> [Data provided]:
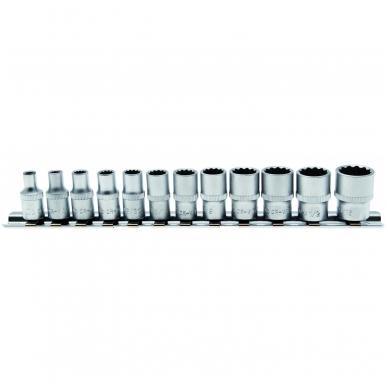 Colinių 12-k., galvučių rinkinys, 1/4" Colinių 12-k., galvučių rinkinys, 1/4"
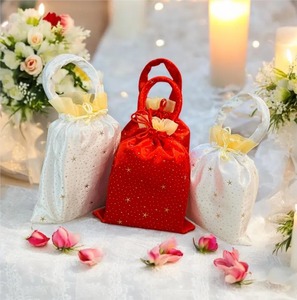 Bolsa con cordón para fiesta de Ramadán Eid, regalo de devolución a granel, nueva bolsa de regalo de Navidad Diwali Holi, Haldi Mehndi, fiesta de boda, despedida de soltera - Product Image 2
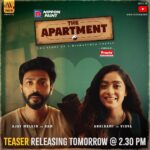 Abhirami Venkatachalam Instagram - Teaser Releasing Tomorrow @2:30! Get ready to fall in love with the quirkiest Rom Com Duo as we introduce @abhirami.venkatachalam as "Vidya" and @ajaymelvinofficial as "Sam" whose unique chemistry promises to make this story one for the ages! Title Sponsor - @nipponpaintindia Powered by - @my.presta Produced by - @binasujit @sujitthegoat Directed by - @saakedh Creative Producer - @sanjivsk7 Cast - @abhirami.venkatachalam @ajaymelvinofficial @manivaithy @aarya.lakshmi_ DOP - @__arunvjk Editor - @kenny2522_editor Music Director - @barath_dhanasekar Executive Producer - @karththikrajkumaar Publicity Designer - @vivek_g_krish Sound Design - @karthick48khz Colorist - kowsi Costumes - @amara.by.neya Hair and Makeup - @purpleplusnagu Associate cinematographer - @madhavan_smg Direction Team - Dinesh Sakthi #jfw #jfworiginals #jfwwebseries #theapartment #abhirami #abhiramivenkatachalam #abhiramiiyer #romance #comedy #romcom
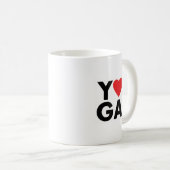 YOGA-LIEBE KAFFEETASSE (VorderseiteRechts)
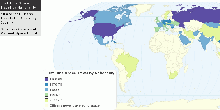 Space Travelers by Nationality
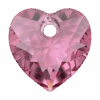 Serinity Pendants Heart Cut (6432) Rose(Serinity 6432 Pendants Heart Cut Rose)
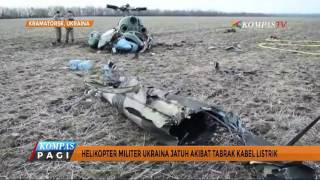 Helikopter Jatuh Akibat Tabrak Kabel Listrik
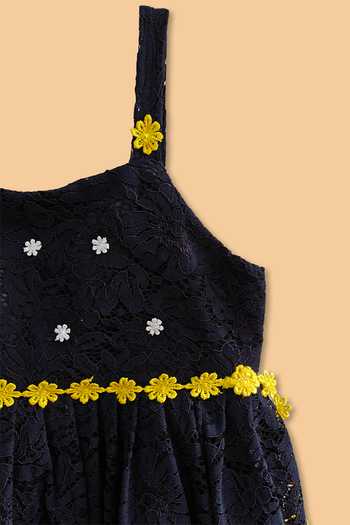Shop Byb Premium Navy Lace Embroidered Dress Online at Aza Fashions Shop_Byb Premium_Navy Lace Embroidered Dress _Online_at_Aza_Fashions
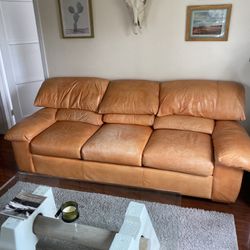 Leather Couch (free)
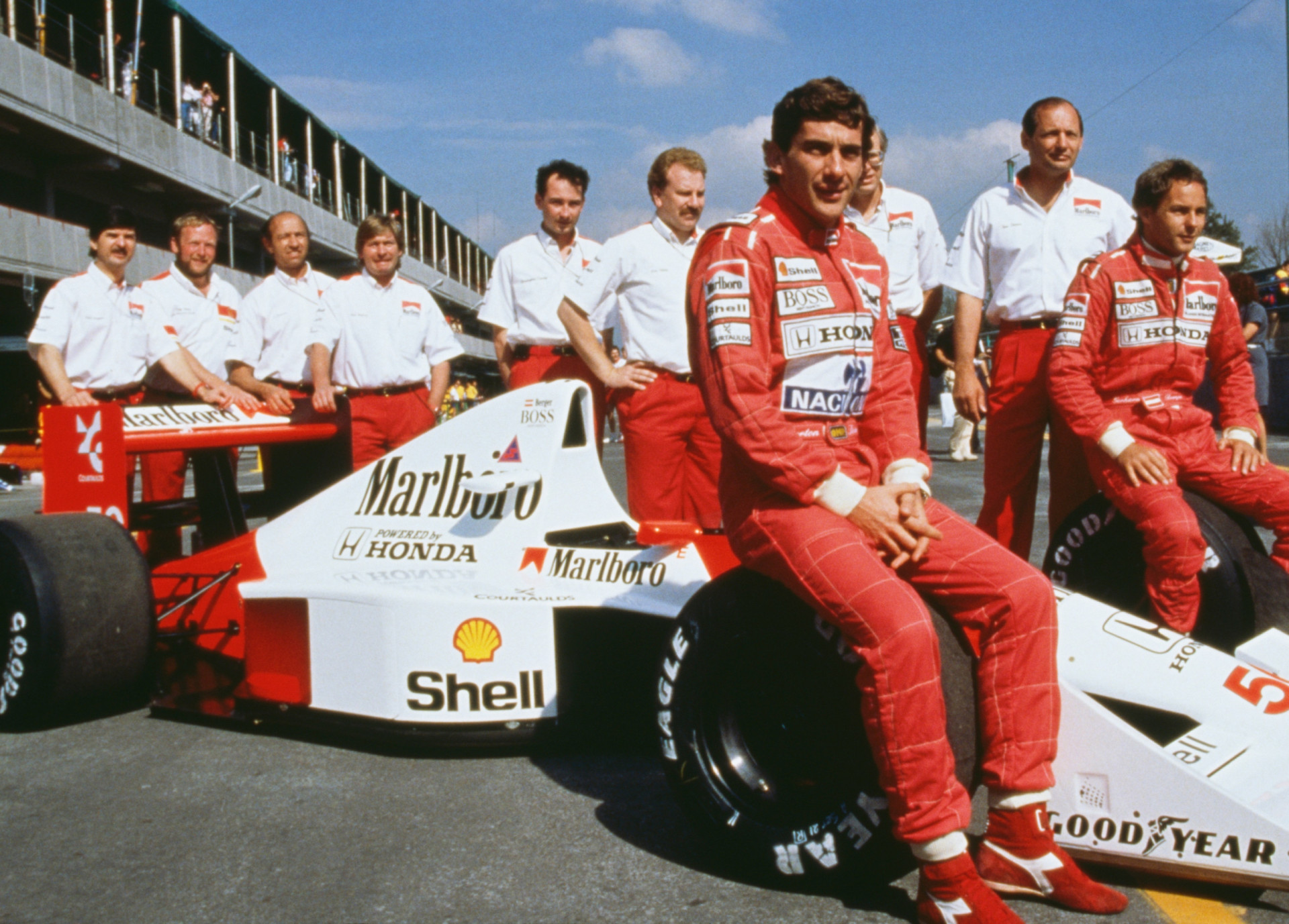 <p>Senna, seen here with teammate Gerhard Berger and the McLaren team, won seven of the 16 races; his main challenger for the title was Nigel Mansell. Prost, meanwhile, failed to win a race with Ferrari.</p><p>You may also like:<a href="https://www.starsinsider.com/n/464732?utm_source=msn.com&utm_medium=display&utm_campaign=referral_description&utm_content=703485en-us"> What a vasectomy is exactly, and why it might be a good idea</a></p>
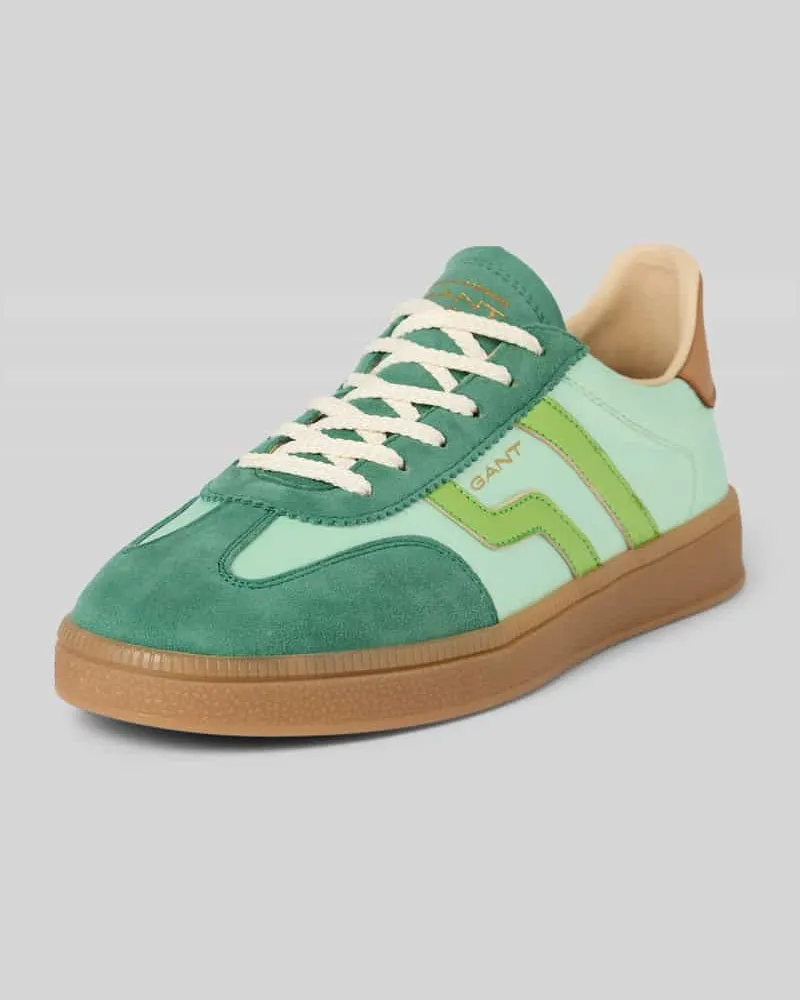 Gant Sneaker aus Leder-Mix mit Label-Detail Modell 'CUZIMA Hellgruen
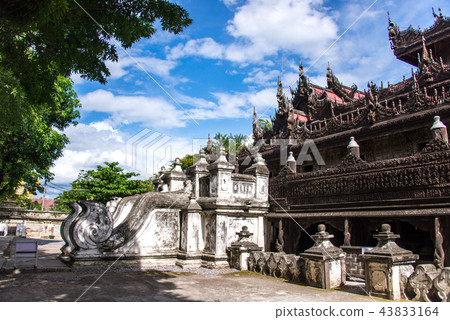Shwenandaw Kyaung Monastery or at Mandalay Shwenandaw Kyaung Monastery or at Mandalay 43833164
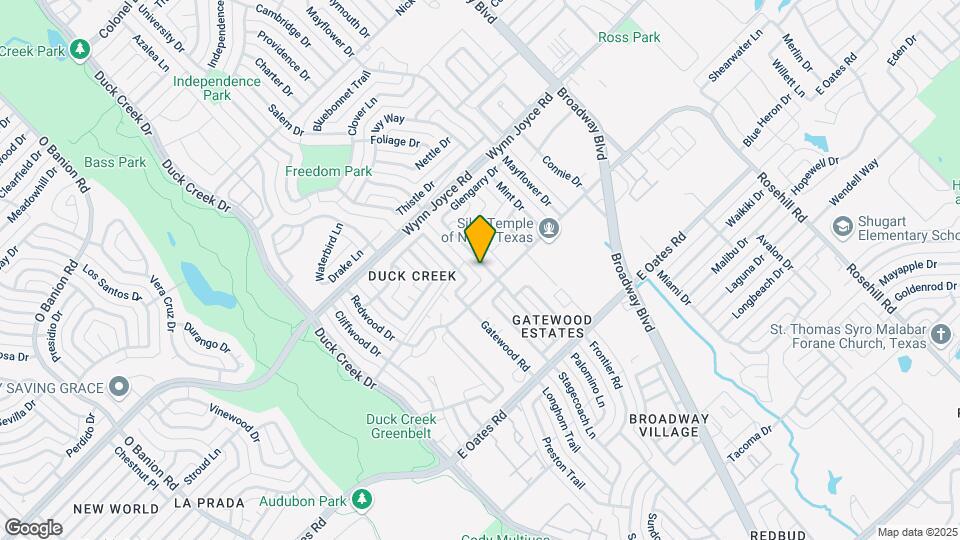 4621 Tarry Dr Map and Location Details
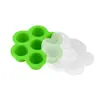 Caja de silicona de 7 compartimentos para suplementos alimenticios caja de suplementos para alimentos de bebé caja de hielo para sub-empaque molde de hielo con tapa molde de hielo suministro transfronterizo de Amazon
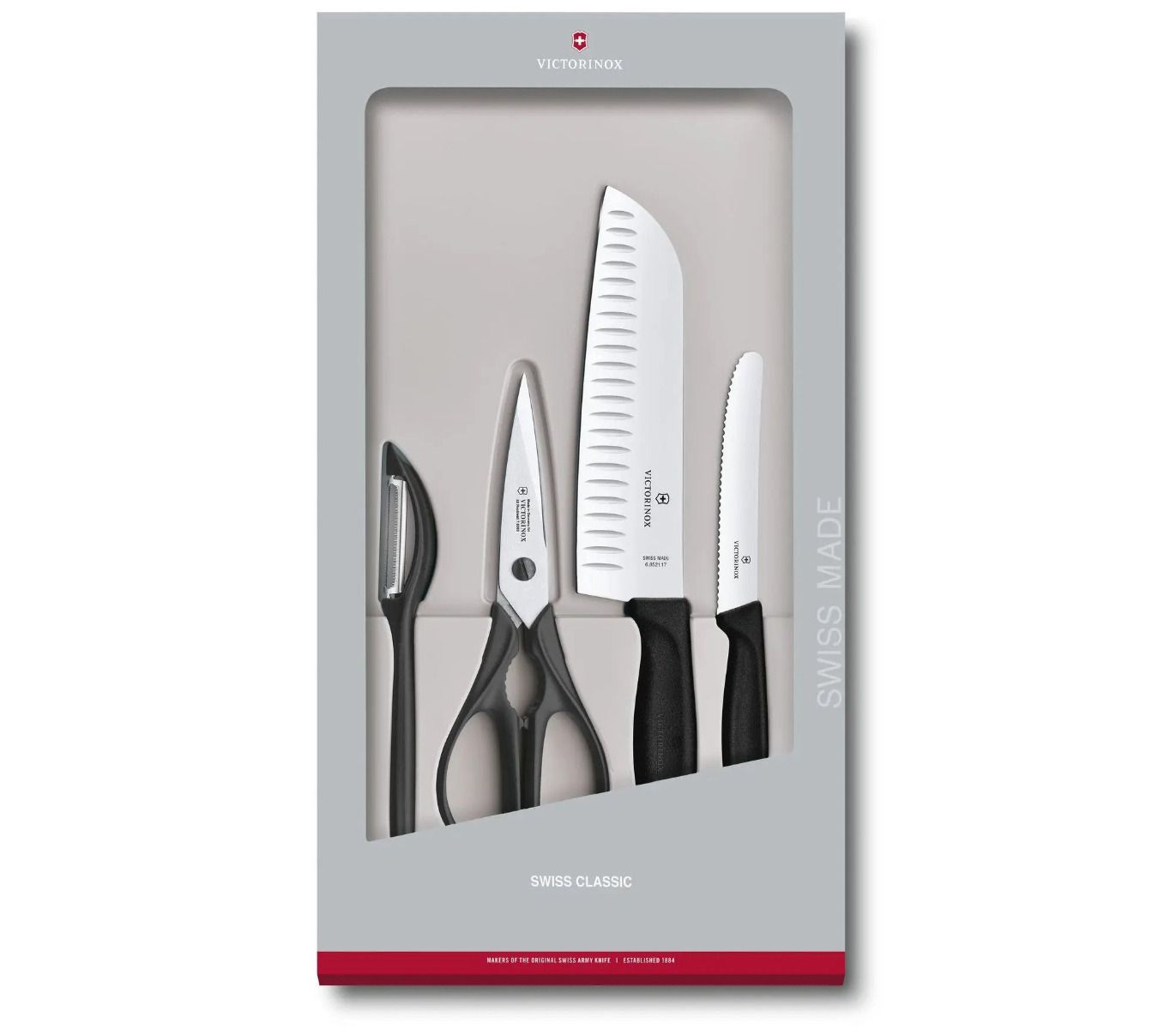 Set 4 Piese Bucatarie Victorinox Swiss Classic, Negru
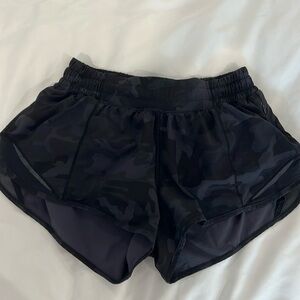 Camo Lululemon shorts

> [Task prompt]: Please return the entries above exactly as they appear, but without the pictures.

> [Reply]:
 Colinių 12-k., galvučių rinkinys, 1/4" Colinių 12-k., galvučių rinkinys, 1/4"
 Bolsa con cordón para fiesta de Ramadán Eid, regalo de devolución a granel, nueva bolsa de regalo de Navidad Diwali Holi, Haldi Mehndi, fiesta de boda, despedida de soltera - Product Image 2
 Abhirami Venkatachalam Instagram - Teaser Releasing Tomorrow @2:30! Get ready to fall in love with the quirkiest Rom Com Duo as we introduce @abhirami.venkatachalam as "Vidya" and @ajaymelvinofficial as "Sam" whose unique chemistry promises to make this story one for the ages! Title Sponsor - @nipponpaintindia Powered by - @my.presta Produced by - @binasujit @sujitthegoat Directed by - @saakedh Creative Producer - @sanjivsk7 Cast - @abhirami.venkatachalam @ajaymelvinofficial @manivaithy @aarya.lakshmi_ DOP - @__arunvjk Editor - @kenny2522_editor Music Director - @barath_dhanasekar Executive Producer - @karththikrajkumaar Publicity Designer - @vivek_g_krish Sound Design - @karthick48khz Colorist - kowsi Costumes - @amara.by.neya Hair and Makeup - @purpleplusnagu Associate cinematographer - @madhavan_smg Direction Team - Dinesh Sakthi #jfw #jfworiginals #jfwwebseries #theapartment #abhirami #abhiramivenkatachalam #abhiramiiyer #romance #comedy #romcom
 YOGA-LIEBE KAFFEETASSE (VorderseiteRechts)
 Space Travelers by Nationality
 Serinity Pendants Heart Cut (6432) Rose(Serinity 6432 Pendants Heart Cut Rose)
 Helikopter Jatuh Akibat Tabrak Kabel Listrik
Shop Byb Premium Navy Lace Embroidered Dress Online at Aza Fashions Shop_Byb Premium_Navy Lace Embroidered Dress _Online_at_Aza_Fashions
 Leather Couch (free)
 <p>Senna, seen here with teammate Gerhard Berger and the McLaren team, won seven of the 16 races; his main challenger for the title was Nigel Mansell. Prost, meanwhile, failed to win a race with Ferrari.</p><p>You may also like:<a href="https://www.starsinsider.com/n/464732?utm_source=msn.com&utm_medium=display&utm_campaign=referral_description&utm_content=703485en-us"> What a vasectomy is exactly, and why it might be a good idea</a></p>
 Gant Sneaker aus Leder-Mix mit Label-Detail Modell 'CUZIMA Hellgruen
Shwenandaw Kyaung Monastery or at Mandalay Shwenandaw Kyaung Monastery or at Mandalay 43833164
 4621 Tarry Dr Map and Location Details
 Caja de silicona de 7 compartimentos para suplementos alimenticios caja de suplementos para alimentos de bebé caja de hielo para sub-empaque molde de hielo con tapa molde de hielo suministro transfronterizo de Amazon
 Set 4 Piese Bucatarie Victorinox Swiss Classic, Negru
 Camo Lululemon shorts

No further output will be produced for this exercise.